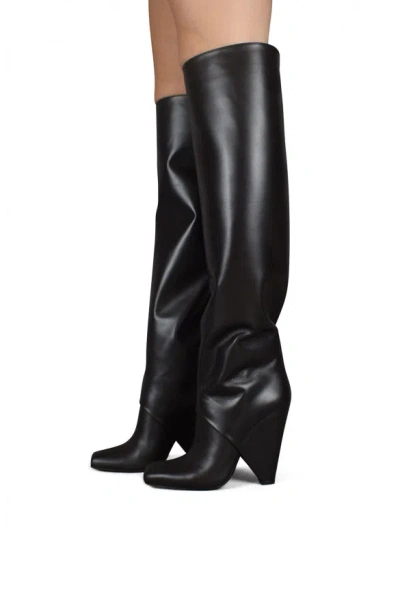 Balmain Woman Knee Boots Black Size 6 Calfskin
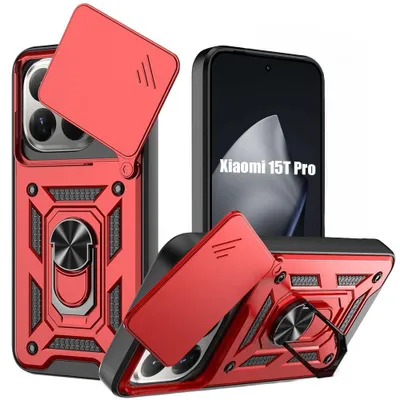 Image de Coque pour Xiaomi 15T Pro, Protection Ultra Résistante avec Anneau et Cache Caméra Coulissant - Rouge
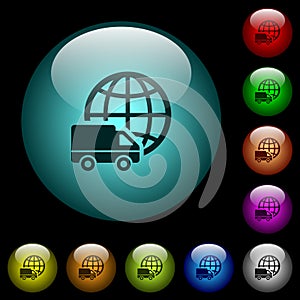 International transport icons in color illuminated glass buttons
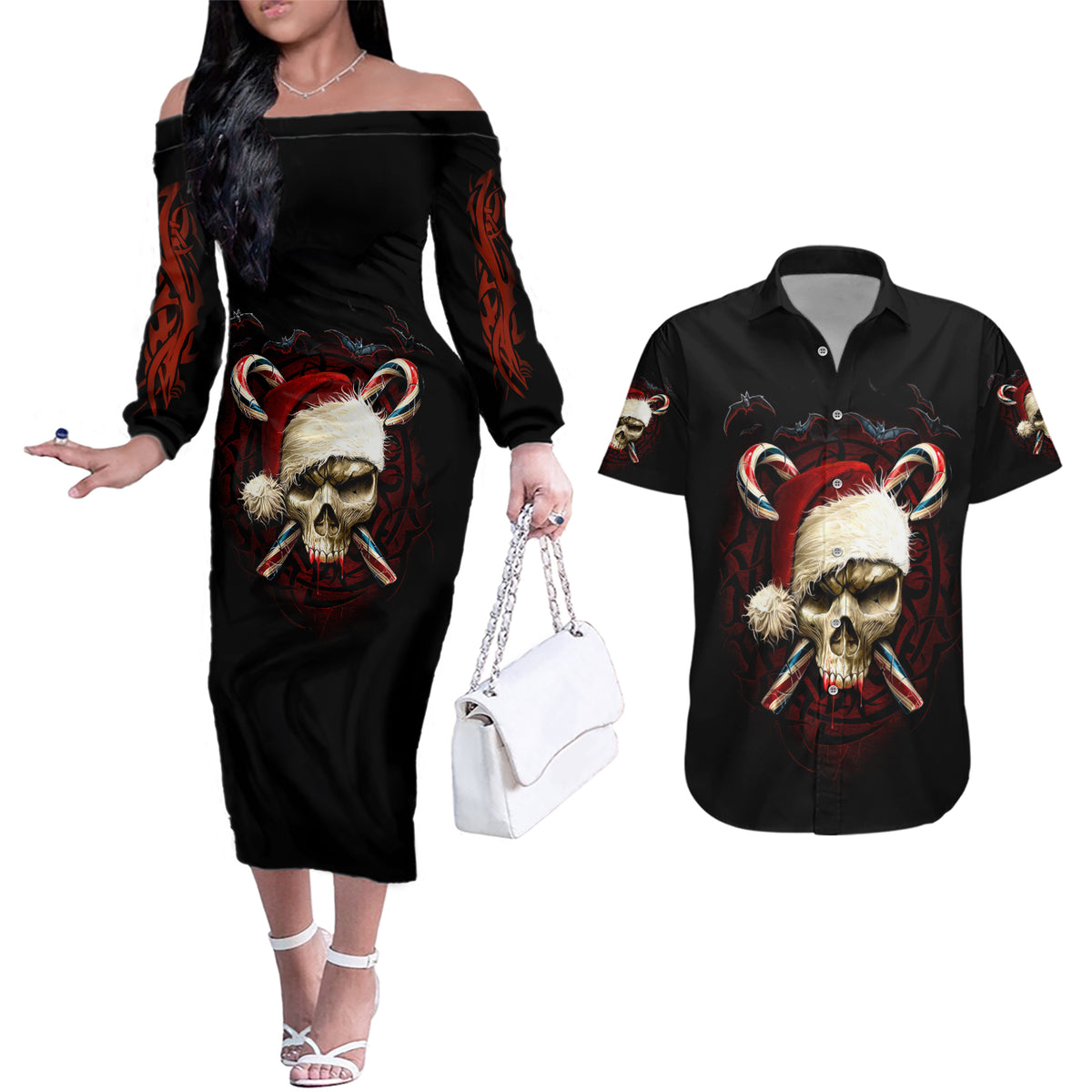 Skeleton Santa Claus Couples Matching Off The Shoulder Long Sleeve Dress and Hawaiian Shirt Santa Claus Is Coming To Town - Wonder Print Shop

▸ TASK TO CARRY OUT
Omit the pictures and output all of the other material exactly.

▸ TASK ANSWER
 Balmain Woman Knee Boots Black Size 6 Calfskin
 Image de Coque pour Xiaomi 15T Pro, Protection Ultra Résistante avec Anneau et Cache Caméra Coulissant - Rouge
 International transport icons in color illuminated glass buttons
 Skeleton Santa Claus Couples Matching Off The Shoulder Long Sleeve Dress and Hawaiian Shirt Santa Claus Is Coming To Town - Wonder Print Shop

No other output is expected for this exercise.